Again, it’s never a bad idea to talk to a pro.
Once you get past calories and protein, you need to watch out for a few nutrients that aren’t as plentiful in an all-plant diet:
- Calcium – If you plan to keep dairy on your menu, you’ll probably be good on calcium. If not, you can get it from dark leafy greens, almonds, sesame seeds (including tahini), and tofu that lists calcium citrate as an ingredient.
- Zinc – Time to fire up your seed game. Pumpkin seeds and sunflower seeds are good sources, and they’re also great on salads. Dark leafy greens have some zinc as well.
- Magnesium – Pumpkin seeds and dark leafy greens again. It always comes back to dark leafy greens.
- Iron – Black beans, chickpeas, red kidney beans. Many whole grains are good sources of iron, as are dried fruits and nuts (pistachios, the iron-kings). Also—surprise!—dark leafy greens. Some rice is enriched with iron, so check your labels. Perez has an important tip here, though: Iron found outside of the animal kingdom is non-heme iron, and you can increase how well your body absorbs it by adding some vitamin C. A small squeeze of citrus makes a big difference.

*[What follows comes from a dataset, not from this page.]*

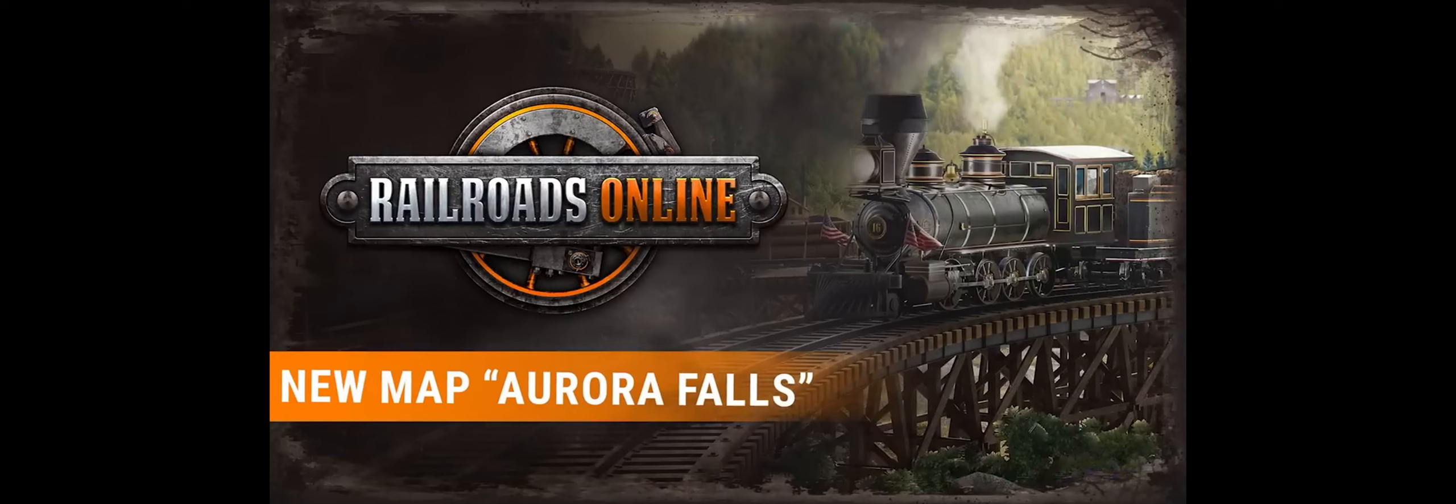So now I will present you our new map Aurora Falls. About six months ago we made up our mind which kind of maps we still want to provide for version 1.0.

- B12 – The easiest way to get B12 (aside from meat and dairy), says Perez, is with a supplement, but you can also find it in fortified foods like soy milk and breakfast cereals. Here is the justification you’ve been waiting for to keep Lucky Charms in the cupboard: 20-percent of your recommended daily B12 intake from a tiny bowl of joy. They’re not vegan though—gelatin in those magically delicious marshmallows.
Perez has a few easy tricks for staying healthy, too. She kicks the day off over a latte made with fortified plant milk, which delivers a quick hit of protein and other nutrients like B12. And she tries to eat these five things every day:
- Flax seeds
- Oats
- Beans
- Dark leafy greens
- Some kind of probiotic food like miso, kimchi, or sauerkraut
She recommends keeping that list stuck to your fridge door. If you eat everything on it every day, you’ll probably be good to go.
Until then, see how much meat you can leave at the butcher’s. Celebrate every all-plant meal as a victory and chew-carve little trophies out of carrots. Then eat them with peanut butter. Try some new veggies and pour yourself a grownup-size bowl of kids’ cereal. What you eat can make a serious impact on the world, but that doesn’t mean meals shouldn’t be fun. If you ever get stumped at dinnertime, remember: Most beer is vegan, and it’s calorie-dense. (Please do not take my nutritional advice.)